What the task asks: Full transcription, minus images: write out the listing below exactly as it appears.

Recorded data:
===
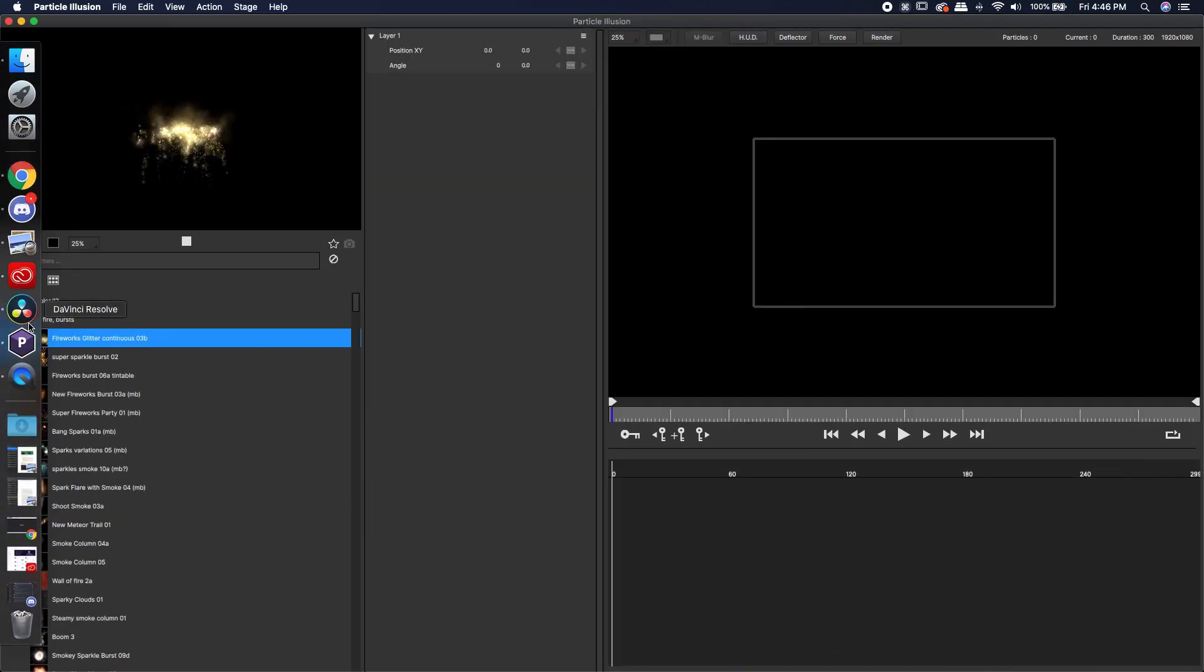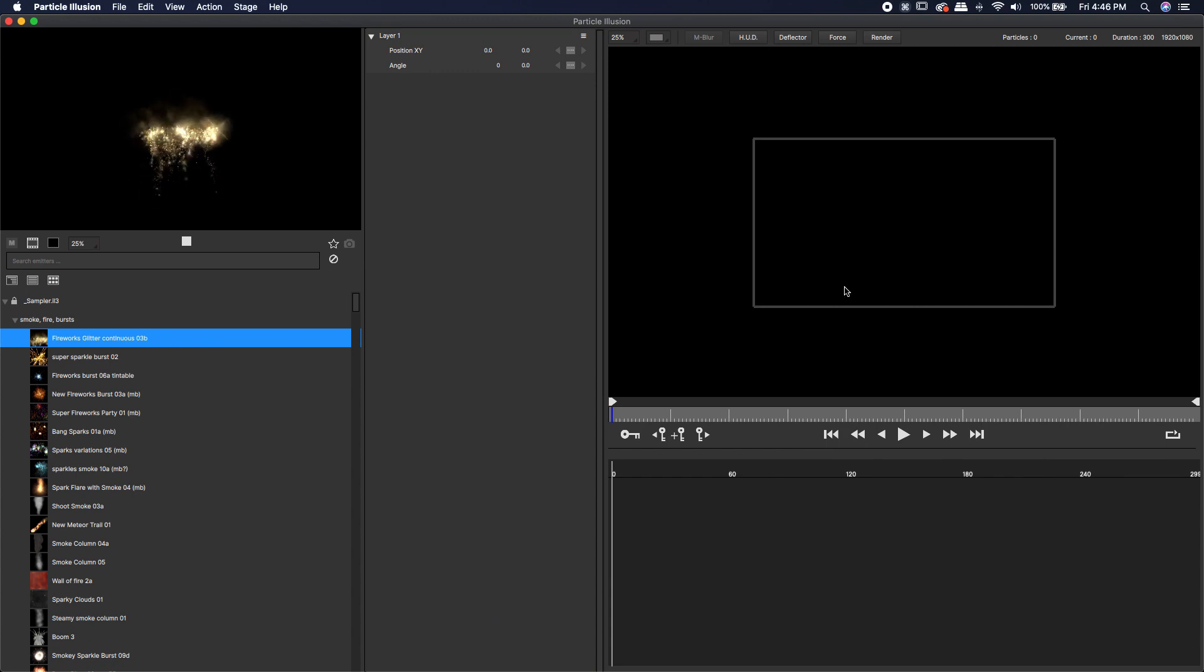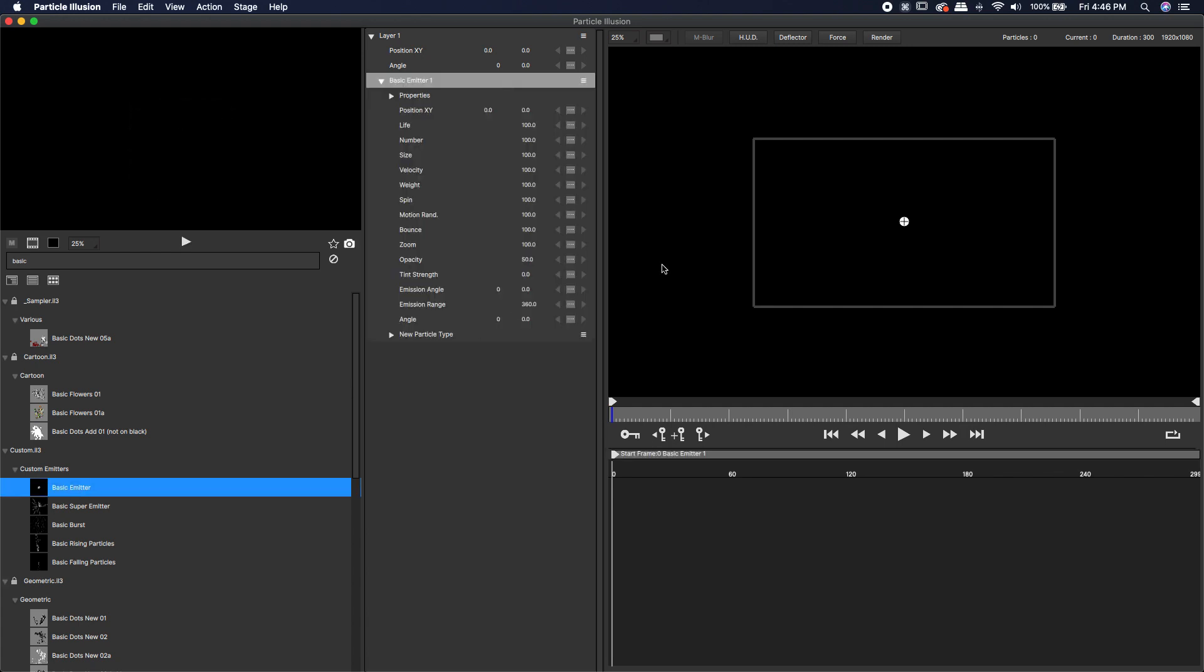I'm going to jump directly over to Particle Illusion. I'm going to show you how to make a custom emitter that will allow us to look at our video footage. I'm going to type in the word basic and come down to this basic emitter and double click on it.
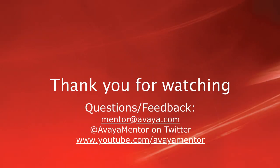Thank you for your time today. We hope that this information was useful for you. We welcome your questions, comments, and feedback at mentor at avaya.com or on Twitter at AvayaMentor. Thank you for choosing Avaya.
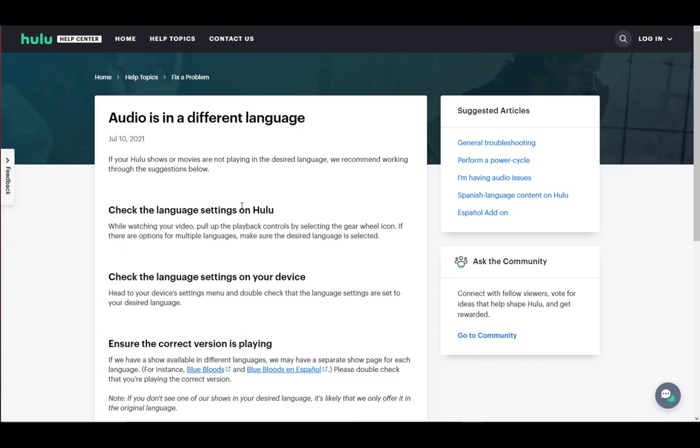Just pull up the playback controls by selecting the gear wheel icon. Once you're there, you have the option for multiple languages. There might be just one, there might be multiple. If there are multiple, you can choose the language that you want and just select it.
===
Answer to this exercise:
I'm going to jump directly over to Particle Illusion. I'm going to show you how to make a custom emitter that will allow us to look at our video footage. I'm going to type in the word basic and come down to this basic emitter and double click on it.
Thank you for your time today. We hope that this information was useful for you. We welcome your questions, comments, and feedback at mentor at avaya.com or on Twitter at AvayaMentor. Thank you for choosing Avaya.
Just pull up the playback controls by selecting the gear wheel icon. Once you're there, you have the option for multiple languages. There might be just one, there might be multiple. If there are multiple, you can choose the language that you want and just select it.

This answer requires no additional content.